===== Working data

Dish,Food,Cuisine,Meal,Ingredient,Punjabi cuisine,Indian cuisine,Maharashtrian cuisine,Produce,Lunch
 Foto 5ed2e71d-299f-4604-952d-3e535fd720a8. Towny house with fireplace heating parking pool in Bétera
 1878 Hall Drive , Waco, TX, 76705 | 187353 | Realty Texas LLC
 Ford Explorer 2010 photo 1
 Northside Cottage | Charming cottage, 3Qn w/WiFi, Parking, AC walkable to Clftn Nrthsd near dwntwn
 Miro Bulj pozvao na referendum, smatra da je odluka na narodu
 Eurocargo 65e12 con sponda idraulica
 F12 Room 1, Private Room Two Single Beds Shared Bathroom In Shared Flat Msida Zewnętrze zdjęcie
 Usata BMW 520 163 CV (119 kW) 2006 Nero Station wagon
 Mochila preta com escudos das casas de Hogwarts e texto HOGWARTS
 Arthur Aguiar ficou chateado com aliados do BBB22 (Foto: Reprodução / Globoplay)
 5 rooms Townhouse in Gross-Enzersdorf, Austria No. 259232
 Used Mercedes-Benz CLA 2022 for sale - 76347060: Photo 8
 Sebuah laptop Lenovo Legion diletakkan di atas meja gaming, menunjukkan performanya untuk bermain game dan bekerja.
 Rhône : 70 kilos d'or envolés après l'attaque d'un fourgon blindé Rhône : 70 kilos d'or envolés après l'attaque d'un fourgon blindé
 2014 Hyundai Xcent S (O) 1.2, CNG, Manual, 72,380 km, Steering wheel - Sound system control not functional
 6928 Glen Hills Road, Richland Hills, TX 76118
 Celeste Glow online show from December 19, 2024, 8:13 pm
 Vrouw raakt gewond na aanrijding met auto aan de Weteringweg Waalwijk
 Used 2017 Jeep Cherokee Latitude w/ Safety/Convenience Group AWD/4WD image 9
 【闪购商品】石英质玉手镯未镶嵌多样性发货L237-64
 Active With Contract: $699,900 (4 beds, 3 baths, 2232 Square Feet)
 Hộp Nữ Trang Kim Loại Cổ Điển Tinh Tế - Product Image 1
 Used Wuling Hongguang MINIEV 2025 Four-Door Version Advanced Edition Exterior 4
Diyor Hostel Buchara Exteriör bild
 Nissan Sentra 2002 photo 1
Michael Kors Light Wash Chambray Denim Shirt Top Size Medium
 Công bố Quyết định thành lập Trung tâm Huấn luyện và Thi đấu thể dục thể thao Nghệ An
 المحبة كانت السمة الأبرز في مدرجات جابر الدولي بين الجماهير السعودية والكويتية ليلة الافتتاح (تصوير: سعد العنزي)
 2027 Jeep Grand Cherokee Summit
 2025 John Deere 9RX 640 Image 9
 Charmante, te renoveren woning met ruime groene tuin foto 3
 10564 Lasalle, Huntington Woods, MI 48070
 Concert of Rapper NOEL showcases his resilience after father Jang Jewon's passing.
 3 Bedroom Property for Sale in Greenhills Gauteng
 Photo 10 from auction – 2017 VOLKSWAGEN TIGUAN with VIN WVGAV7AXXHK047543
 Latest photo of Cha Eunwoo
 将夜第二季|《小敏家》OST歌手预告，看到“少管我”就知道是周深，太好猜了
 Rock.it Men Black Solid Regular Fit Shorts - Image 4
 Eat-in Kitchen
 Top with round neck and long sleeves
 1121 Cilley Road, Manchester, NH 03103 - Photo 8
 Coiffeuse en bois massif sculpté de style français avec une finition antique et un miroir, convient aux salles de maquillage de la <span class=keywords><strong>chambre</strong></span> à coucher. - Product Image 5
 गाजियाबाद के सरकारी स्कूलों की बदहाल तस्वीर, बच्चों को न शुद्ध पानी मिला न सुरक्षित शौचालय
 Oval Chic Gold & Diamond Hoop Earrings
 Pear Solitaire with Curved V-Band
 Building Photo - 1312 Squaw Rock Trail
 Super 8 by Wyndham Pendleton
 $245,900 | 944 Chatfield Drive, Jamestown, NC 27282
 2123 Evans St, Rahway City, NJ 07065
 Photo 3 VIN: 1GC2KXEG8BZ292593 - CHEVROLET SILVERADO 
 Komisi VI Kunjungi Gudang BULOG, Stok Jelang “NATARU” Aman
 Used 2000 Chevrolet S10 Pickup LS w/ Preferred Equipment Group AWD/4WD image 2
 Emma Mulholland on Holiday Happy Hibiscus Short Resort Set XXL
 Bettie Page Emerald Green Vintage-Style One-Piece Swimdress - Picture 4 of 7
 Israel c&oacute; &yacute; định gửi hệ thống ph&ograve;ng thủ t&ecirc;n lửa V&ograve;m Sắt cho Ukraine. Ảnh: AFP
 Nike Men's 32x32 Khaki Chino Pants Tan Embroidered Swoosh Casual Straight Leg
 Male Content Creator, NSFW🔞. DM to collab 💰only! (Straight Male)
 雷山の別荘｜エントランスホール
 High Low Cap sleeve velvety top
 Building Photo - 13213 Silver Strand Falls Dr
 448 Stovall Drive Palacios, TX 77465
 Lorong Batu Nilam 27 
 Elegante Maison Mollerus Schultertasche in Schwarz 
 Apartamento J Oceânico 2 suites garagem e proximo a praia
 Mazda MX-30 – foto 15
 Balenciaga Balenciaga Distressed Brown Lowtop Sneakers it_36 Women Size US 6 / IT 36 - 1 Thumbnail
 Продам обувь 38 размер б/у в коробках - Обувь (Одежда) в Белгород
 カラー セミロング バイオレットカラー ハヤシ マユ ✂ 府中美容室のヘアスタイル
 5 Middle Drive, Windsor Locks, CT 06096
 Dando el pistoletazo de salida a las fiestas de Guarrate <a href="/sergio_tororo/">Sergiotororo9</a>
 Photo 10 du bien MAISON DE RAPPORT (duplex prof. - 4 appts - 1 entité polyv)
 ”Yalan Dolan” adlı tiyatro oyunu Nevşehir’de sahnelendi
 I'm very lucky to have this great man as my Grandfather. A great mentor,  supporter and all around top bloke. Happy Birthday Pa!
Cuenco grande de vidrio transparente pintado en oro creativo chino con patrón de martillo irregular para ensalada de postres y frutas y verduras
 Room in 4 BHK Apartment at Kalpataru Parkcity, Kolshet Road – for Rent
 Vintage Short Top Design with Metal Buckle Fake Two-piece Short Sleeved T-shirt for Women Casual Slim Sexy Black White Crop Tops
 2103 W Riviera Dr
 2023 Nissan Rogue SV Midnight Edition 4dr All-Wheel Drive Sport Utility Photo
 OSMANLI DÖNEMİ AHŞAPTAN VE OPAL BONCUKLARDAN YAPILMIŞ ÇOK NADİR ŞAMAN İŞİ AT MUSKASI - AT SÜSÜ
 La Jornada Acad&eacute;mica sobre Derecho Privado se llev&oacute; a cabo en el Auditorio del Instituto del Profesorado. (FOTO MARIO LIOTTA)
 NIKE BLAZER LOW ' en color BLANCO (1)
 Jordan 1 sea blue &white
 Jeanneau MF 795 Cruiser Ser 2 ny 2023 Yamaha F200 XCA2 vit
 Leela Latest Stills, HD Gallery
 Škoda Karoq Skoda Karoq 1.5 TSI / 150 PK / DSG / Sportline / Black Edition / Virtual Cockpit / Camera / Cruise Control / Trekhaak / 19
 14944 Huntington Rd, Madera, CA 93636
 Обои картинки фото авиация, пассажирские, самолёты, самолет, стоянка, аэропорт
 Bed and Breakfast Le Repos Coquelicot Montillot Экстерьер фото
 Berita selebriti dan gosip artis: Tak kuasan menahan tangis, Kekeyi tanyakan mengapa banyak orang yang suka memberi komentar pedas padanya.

==========

• About this task: Please give an exact copy of the lines above, beginning with the line containing "カラー セミロング バイオレットカラー ハヤシ マユ ✂ 府中美容室のヘアスタイル" and running through the line containing "I'm very lucky", and of no other lines.

• Answer to the exercise:
 カラー セミロング バイオレットカラー ハヤシ マユ ✂ 府中美容室のヘアスタイル
 5 Middle Drive, Windsor Locks, CT 06096
 Dando el pistoletazo de salida a las fiestas de Guarrate <a href="/sergio_tororo/">Sergiotororo9</a>
 Photo 10 du bien MAISON DE RAPPORT (duplex prof. - 4 appts - 1 entité polyv)
 ”Yalan Dolan” adlı tiyatro oyunu Nevşehir’de sahnelendi
 I'm very lucky to have this great man as my Grandfather. A great mentor,  supporter and all around top bloke. Happy Birthday Pa!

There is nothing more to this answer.